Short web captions
---*---

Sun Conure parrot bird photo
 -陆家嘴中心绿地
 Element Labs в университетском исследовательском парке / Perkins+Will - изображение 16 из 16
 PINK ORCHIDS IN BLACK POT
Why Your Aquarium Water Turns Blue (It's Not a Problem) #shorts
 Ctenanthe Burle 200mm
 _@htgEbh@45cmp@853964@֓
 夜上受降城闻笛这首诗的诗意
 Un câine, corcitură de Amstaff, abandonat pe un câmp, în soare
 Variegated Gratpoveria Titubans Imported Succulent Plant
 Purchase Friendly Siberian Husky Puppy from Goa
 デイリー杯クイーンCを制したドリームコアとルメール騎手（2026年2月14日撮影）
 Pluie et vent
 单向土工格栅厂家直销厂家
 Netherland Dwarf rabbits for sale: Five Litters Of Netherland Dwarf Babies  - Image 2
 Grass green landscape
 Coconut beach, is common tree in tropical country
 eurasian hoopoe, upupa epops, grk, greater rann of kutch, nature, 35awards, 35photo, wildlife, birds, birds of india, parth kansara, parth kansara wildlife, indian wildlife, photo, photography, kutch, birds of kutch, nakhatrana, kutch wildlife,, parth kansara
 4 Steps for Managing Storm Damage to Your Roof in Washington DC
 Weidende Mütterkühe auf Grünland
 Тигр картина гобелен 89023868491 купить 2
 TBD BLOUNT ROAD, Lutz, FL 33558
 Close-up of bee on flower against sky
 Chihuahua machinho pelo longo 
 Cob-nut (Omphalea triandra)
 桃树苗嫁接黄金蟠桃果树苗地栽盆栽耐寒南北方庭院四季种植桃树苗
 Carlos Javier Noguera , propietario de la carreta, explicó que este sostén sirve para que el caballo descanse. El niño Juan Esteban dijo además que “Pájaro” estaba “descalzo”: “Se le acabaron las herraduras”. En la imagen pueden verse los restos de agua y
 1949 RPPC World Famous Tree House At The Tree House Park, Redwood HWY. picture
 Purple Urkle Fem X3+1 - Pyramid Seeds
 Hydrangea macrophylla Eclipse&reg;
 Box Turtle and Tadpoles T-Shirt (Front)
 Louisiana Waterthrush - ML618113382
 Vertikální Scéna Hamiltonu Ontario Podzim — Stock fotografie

---*---

» **WHAT THIS TASK INVOLVES**:
For every entry in the records above, write an exact copy.

» **OUTPUT OF THE TASK**:
Sun Conure parrot bird photo
 -陆家嘴中心绿地
 Element Labs в университетском исследовательском парке / Perkins+Will - изображение 16 из 16
 PINK ORCHIDS IN BLACK POT
Why Your Aquarium Water Turns Blue (It's Not a Problem) #shorts
 Ctenanthe Burle 200mm
 _@htgEbh@45cmp@853964@֓
 夜上受降城闻笛这首诗的诗意
 Un câine, corcitură de Amstaff, abandonat pe un câmp, în soare
 Variegated Gratpoveria Titubans Imported Succulent Plant
 Purchase Friendly Siberian Husky Puppy from Goa
 デイリー杯クイーンCを制したドリームコアとルメール騎手（2026年2月14日撮影）
 Pluie et vent
 单向土工格栅厂家直销厂家
 Netherland Dwarf rabbits for sale: Five Litters Of Netherland Dwarf Babies  - Image 2
 Grass green landscape
 Coconut beach, is common tree in tropical country
 eurasian hoopoe, upupa epops, grk, greater rann of kutch, nature, 35awards, 35photo, wildlife, birds, birds of india, parth kansara, parth kansara wildlife, indian wildlife, photo, photography, kutch, birds of kutch, nakhatrana, kutch wildlife,, parth kansara
 4 Steps for Managing Storm Damage to Your Roof in Washington DC
 Weidende Mütterkühe auf Grünland
 Тигр картина гобелен 89023868491 купить 2
 TBD BLOUNT ROAD, Lutz, FL 33558
 Close-up of bee on flower against sky
 Chihuahua machinho pelo longo 
 Cob-nut (Omphalea triandra)
 桃树苗嫁接黄金蟠桃果树苗地栽盆栽耐寒南北方庭院四季种植桃树苗
 Carlos Javier Noguera , propietario de la carreta, explicó que este sostén sirve para que el caballo descanse. El niño Juan Esteban dijo además que “Pájaro” estaba “descalzo”: “Se le acabaron las herraduras”. En la imagen pueden verse los restos de agua y
 1949 RPPC World Famous Tree House At The Tree House Park, Redwood HWY. picture
 Purple Urkle Fem X3+1 - Pyramid Seeds
 Hydrangea macrophylla Eclipse&reg;
 Box Turtle and Tadpoles T-Shirt (Front)
 Louisiana Waterthrush - ML618113382
 Vertikální Scéna Hamiltonu Ontario Podzim — Stock fotografie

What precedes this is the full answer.